Opłynięcie globu to atrakcja sama w sobie - trasa zwykle obejmuje:
- przepłynięcie równika, zwykle związane z dodatkowymi atrakcjami na pokładzie i wręczeniem pamiątkowych dyplomów,
- przepłynięcie linii zmiany daty, gdzie przenosimy się w przyszłość - idziemy spać we wtorek, a budzimy się w czwartek.
- przepłynięcie słynnych kanałów, Panamskiego i Sueskiego stanowiących cuda inżynierii.
- opłynięcie najdalszych zakątków - przylądka Horn czy Przylądka Dobrej Nadziei
- wizytę na najbardziej niedostępnych wyspach, takich jak: Wyspa Wielkanocna, Wyspa św. Heleny, Vanuatu, Samoa czy Wyspy Cooka.
Trasa zwykle wiedzie na zachód - dzięki temu przepływając przez strefy czasowe zyskujemy godzinę i śpimy dłużej. Gdybyśmy płynęli na wschód byłoby odwrotnie.

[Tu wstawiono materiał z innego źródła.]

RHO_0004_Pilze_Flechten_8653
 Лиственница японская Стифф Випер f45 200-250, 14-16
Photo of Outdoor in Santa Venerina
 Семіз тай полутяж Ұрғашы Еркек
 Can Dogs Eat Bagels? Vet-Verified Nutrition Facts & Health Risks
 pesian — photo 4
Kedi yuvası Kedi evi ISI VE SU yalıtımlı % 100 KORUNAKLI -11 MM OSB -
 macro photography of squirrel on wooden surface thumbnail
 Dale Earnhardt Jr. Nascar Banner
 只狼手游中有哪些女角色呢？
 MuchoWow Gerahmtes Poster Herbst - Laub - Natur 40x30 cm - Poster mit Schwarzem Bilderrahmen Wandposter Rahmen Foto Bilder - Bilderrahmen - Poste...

Pełne opłynięcie globu trwa co najmniej 100 dni, jednak większość rejsów dookoła świata trwa ok. 120 dni. Tymczasem najdłuższe rejsy trwają ponad 200 dni. W czasie 4 miesięcy można zobaczyć naprawdę wiele, a to wszystko bez zmian hotelu i wielokrotnego pakowania walizek.